Archive for Wednesday, September 8, 1993


September 8, 1993


The Clinton Administration faces a rocky road in trying to push its plans unveiled Tuesday to "reinvent government," say two Kansas University experts on government.

Entrenched bureaucratic fiefdoms "who guard their turf jealously," will wage war on President Clinton's plan, said Russell Getter, a KU associate professor of political science and government.

"They will be fought with an enormous vengeance by the people who benefit from any one of those entities," says Getter, who spent seven years working in state government.

Jeffrey Cohen, an associate professor of political science, says Clinton's plan to improve public confidence in government by cutting back on federal paper work and red tape could backfire.

"To do that means handing over some trust to the bureaucracy, which is completely antithetical to the public mood," Cohen said. "The public wants to tighten the screws on government."

Clinton unveiled his government reform plan Tuesday. The streamlined government envisioned in the plan would be able to save $108 billion in the next seven years. It would also cut 252,000 jobs from the federal payroll.

It calls for closing hundreds of government offices outside of Washington, D.C. And it would integrate new management practices used by business into government administration.

"The specific proposals may run into a lot of political controversy," Cohen said. "People like the idea of saving money. But I don't know if its possible to streamline government, save money and restore the public confidence. They're contradictory goals."

There is no question that government reform is needed, says Leon Panetta, director of the federal Office of Management and Budget.

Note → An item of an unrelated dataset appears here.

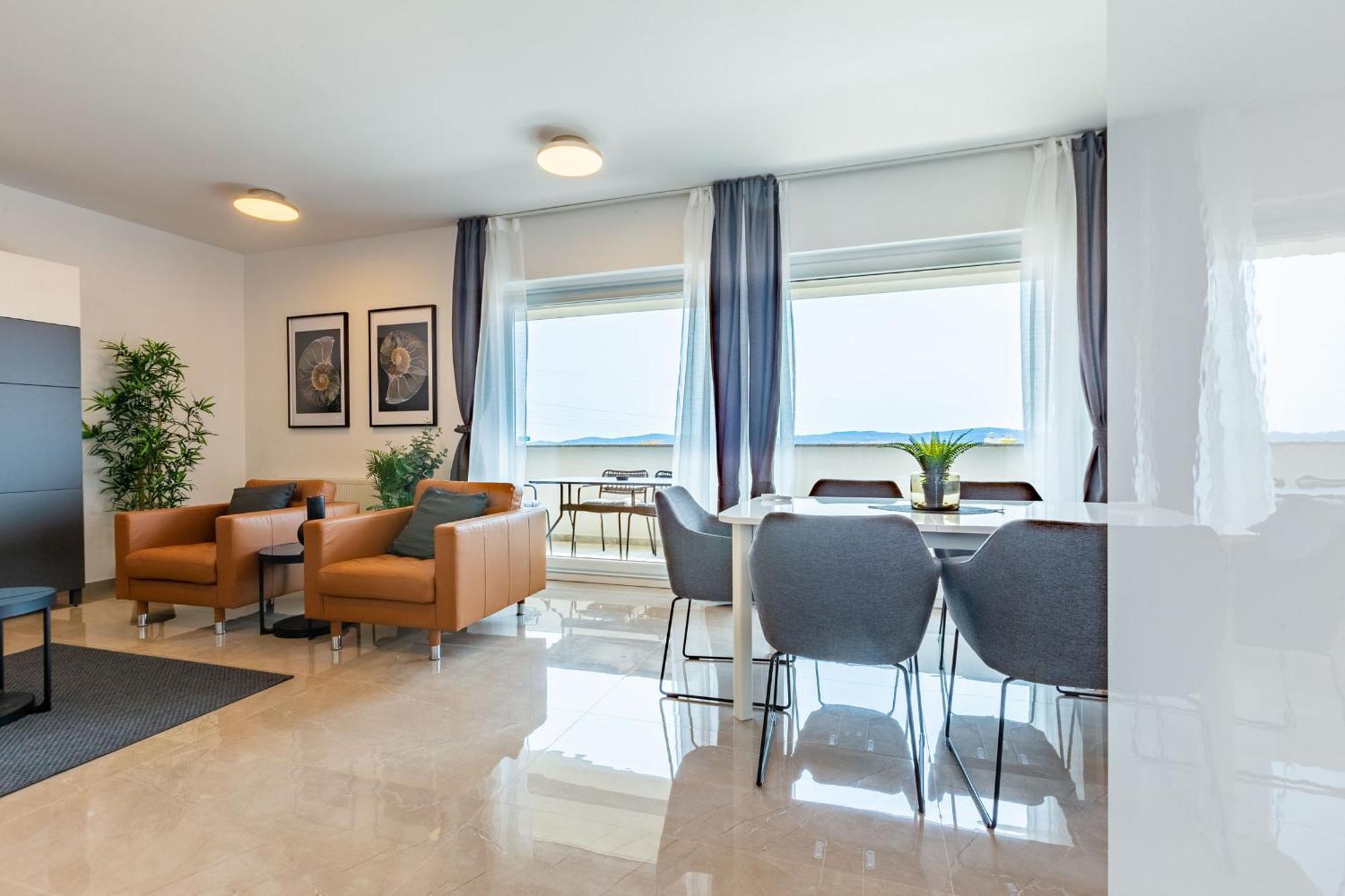 Lpl Luxury Apartment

Panetta gave the highlights of the President's plan to a group of Kansas journalists during a conference call Tuesday afternoon after Clinton's announcement.

"The fact is, we can't sustain government at these levels anymore," Panetta said. While many reform measures will be implemented by executive order, the major pieces will have to be approved by Congress, he said.

One of the key priorities is to get Congress to approve a two-year budget cycle, Panetta said. That would provide greater stability in the budgeting process and help give Congress more time for oversight, he said.

Other key efforts are to try to give managers more control over personnel decisions; work to buy products and services at the best prices and make government "more user-friendly" in its services, he said. The 800-plus recommendations in the plan would also try to give front-line employees more responsibility and consolidate and eliminate agencies that have lost their validity and eliminate duplication in government, Panetta said.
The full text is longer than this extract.